Ces journées de contestation révolutionnaire entraînent le renversement du gouvernement Lescot en janvier 1946. Mais une junte militaire lui succède. « J’ai alors été arrêté à plusieurs reprises puis finalement expulsé d’Haïti », précise Gérald Bloncourt. « Interdit de transit sur le territoire des Etats-Unis où j’étais considéré comme terroriste, je me suis retrouvé dans la République dominicaine du dictateur Trujillo, où j’ai été aussi arrêté.
Puis grâce à André Breton et l’écrivain français Pierre Mabille (alors conseiller culturel de l'ambassade de France à Port-au-Prince, ndlr) j’ai pu prendre un bateau pour Fort-de-France. »

Après quelques mois passés en Martinique, Gérald Bloncourt s’installe à Paris où il poursuit ses activités artistiques. Egalement passionné de photographie, il se lance dans le photojournalisme en 1948, d’abord comme responsable du service photo du quotidien communiste l’Humanité, puis comme reporter indépendant avec d’autres grands journaux de la place comme Le Nouvel Observateur, L’Express, Le Nouvel Économiste et Témoignage Chrétien, entre autres. Il couvrira de nombreux conflits sociaux et internationaux, comme la Révolution des Œillets au Portugal et la guerre du Front Polisario contre le Maroc au Sahara occidental.

 

Ma culture est haïtienne, ma vie, mes racines sont haïtiennes. C’est Haïti qui m’a tout donné et où j’ai tout appris. Haïti c’est quand même la première révolution victorieuse d’esclaves et d’affranchis. C’est un peuple magnifique. Un peuple de créateurs dans un creuset culturel."

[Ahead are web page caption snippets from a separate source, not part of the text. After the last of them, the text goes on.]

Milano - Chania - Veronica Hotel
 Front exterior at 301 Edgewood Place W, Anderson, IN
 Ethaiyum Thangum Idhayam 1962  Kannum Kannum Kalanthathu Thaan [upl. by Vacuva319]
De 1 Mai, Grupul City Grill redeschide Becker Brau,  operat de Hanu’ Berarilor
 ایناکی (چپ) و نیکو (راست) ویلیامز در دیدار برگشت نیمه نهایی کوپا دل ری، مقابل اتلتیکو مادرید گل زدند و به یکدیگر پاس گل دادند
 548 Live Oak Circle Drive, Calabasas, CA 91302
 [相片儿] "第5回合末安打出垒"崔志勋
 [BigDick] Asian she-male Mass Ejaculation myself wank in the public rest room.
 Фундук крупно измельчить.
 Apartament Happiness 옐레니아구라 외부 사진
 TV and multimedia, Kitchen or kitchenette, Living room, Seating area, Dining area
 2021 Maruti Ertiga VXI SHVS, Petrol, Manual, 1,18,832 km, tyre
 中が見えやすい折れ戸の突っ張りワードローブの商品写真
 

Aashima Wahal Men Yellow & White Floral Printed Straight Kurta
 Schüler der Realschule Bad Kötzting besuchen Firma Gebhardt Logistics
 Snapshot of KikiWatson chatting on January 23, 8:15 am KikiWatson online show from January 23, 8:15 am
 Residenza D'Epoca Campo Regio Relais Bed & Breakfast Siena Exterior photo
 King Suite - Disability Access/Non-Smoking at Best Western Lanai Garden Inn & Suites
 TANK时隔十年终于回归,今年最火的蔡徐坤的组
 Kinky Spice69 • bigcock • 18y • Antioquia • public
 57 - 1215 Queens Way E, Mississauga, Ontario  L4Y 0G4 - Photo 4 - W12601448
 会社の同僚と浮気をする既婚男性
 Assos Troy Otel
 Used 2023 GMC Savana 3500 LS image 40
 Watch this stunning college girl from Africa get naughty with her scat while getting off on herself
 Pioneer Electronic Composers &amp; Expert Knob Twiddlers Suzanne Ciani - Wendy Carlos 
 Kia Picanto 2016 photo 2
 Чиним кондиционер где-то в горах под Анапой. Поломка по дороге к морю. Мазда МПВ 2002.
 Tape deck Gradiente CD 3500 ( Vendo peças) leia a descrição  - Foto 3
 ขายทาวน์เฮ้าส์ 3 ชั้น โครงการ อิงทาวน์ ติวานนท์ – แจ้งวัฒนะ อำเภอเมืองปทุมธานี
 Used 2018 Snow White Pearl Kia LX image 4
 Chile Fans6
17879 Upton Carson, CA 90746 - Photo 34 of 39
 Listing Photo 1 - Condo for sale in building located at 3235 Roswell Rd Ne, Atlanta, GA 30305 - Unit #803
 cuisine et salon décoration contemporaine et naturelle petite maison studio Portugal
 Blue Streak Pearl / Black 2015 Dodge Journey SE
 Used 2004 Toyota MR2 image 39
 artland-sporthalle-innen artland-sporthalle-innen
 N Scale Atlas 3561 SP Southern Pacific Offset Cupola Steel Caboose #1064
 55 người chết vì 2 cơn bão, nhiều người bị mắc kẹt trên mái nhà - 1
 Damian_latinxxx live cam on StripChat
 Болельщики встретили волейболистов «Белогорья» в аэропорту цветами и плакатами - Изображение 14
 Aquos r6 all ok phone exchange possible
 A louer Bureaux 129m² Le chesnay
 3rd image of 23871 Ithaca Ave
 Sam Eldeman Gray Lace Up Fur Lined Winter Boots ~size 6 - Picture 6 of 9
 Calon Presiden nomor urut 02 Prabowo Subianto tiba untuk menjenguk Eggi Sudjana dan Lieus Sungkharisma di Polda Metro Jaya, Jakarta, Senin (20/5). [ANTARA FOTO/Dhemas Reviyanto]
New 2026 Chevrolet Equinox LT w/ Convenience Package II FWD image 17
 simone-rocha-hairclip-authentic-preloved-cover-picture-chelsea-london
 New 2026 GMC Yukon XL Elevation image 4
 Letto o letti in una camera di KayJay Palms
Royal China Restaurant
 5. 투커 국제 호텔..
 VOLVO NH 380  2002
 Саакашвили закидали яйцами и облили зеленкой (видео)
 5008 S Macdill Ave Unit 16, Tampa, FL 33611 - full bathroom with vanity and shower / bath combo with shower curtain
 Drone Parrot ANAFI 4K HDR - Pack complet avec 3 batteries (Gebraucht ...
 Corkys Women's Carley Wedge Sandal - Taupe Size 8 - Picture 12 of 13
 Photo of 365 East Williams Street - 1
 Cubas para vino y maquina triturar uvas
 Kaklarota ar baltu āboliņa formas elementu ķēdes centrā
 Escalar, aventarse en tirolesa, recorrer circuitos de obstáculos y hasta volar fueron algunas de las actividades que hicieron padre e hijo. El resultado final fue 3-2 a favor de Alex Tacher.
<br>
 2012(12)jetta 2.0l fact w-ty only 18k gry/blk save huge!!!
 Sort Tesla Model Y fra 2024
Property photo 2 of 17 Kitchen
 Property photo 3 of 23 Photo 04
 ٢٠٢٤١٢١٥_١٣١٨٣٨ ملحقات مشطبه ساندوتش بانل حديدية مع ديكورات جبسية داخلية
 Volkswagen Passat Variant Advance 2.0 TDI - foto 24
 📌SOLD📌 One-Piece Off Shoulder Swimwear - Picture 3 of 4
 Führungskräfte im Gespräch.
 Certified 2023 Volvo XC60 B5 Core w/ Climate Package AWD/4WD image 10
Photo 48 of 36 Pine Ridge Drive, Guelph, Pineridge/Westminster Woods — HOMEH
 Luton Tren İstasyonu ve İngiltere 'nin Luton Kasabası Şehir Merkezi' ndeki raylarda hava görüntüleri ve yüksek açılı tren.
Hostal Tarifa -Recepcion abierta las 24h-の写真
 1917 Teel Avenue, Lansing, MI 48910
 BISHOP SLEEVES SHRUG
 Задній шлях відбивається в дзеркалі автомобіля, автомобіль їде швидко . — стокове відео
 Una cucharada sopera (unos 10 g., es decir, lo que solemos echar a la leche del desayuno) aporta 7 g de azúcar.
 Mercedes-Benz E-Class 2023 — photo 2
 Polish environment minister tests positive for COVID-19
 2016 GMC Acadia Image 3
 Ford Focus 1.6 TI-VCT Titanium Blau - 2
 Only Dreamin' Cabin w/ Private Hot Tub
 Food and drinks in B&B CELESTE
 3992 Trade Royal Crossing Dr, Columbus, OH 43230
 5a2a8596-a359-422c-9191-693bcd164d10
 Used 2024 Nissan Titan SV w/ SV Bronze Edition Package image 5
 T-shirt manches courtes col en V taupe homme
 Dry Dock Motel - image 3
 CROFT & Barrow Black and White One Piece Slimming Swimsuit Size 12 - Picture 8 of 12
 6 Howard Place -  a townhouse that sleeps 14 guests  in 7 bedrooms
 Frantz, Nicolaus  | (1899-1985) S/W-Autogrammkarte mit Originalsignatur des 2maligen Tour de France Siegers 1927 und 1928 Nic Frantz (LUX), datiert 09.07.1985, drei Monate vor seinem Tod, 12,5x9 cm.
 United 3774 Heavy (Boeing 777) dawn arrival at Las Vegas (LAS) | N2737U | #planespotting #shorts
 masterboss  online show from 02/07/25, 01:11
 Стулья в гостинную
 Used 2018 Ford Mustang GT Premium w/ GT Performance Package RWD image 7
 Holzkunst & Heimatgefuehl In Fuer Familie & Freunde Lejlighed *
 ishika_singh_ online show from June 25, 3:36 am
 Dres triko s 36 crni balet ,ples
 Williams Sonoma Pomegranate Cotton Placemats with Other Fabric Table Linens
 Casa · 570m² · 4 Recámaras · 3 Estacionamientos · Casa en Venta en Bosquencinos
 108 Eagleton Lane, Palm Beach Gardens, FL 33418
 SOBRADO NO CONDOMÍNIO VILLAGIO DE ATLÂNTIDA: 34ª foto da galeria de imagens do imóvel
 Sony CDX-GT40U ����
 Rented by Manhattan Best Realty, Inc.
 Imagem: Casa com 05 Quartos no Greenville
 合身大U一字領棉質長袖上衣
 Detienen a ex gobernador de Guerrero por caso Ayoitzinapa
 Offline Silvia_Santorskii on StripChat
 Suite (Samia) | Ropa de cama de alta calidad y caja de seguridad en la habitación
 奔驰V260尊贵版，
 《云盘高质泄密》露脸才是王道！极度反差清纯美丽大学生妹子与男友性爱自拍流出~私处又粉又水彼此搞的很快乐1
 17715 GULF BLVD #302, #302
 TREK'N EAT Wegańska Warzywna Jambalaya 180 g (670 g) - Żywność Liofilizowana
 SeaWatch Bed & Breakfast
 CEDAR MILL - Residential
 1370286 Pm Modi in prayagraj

 Parallèlement, Gérald Bloncourt continue de s’adonner à la peinture, sa passion. « C’est un besoin. Je peins depuis que je suis gamin. C’est ma façon de m’exprimer et de communiquer ». Ses œuvres (tableaux, dessins, gravures) sont principalement exposées en France, en Haïti et aux Etats-Unis. Il publiera également de nombreux ouvrages, des récits, essais, poésies et des albums de ses photographies (plus de détails sur le blog de Gérald Bloncourt ici), tout en militant activement sur le plan politique, notamment contre la dictature des Duvalier. Après la chute de « Baby Doc » en 1986, Gérald Bloncourt se rendra en Haïti, après quarante ans d’absence.    

 
Un pays auquel il reste viscéralement attaché. « Ma culture est haïtienne, ma vie, mes racines sont haïtiennes. C’est Haïti qui m’a tout donné et où j’ai tout appris. C’est un pays très abîmé à cause des dictatures qui se sont succédé mais c’est un pays fabuleux. Haïti c’est quand même la première révolution victorieuse d’esclaves et d’affranchis, ce n’est pas rien. C’est un peuple magnifique. Un peuple de créateurs dans un creuset culturel. »
 
Cependant Gérald Bloncourt avoue ne pas souhaiter visiter son pays natal actuellement. « Tout ce que j’ai connu a été détruit durant le séisme. Tout est encore par terre. Je n’ai plus le courage de voir ça. Et puis je ne peux pas supporter d’être invité à des réceptions pour boire du champagne alors que le peuple crève », déplore-t-il.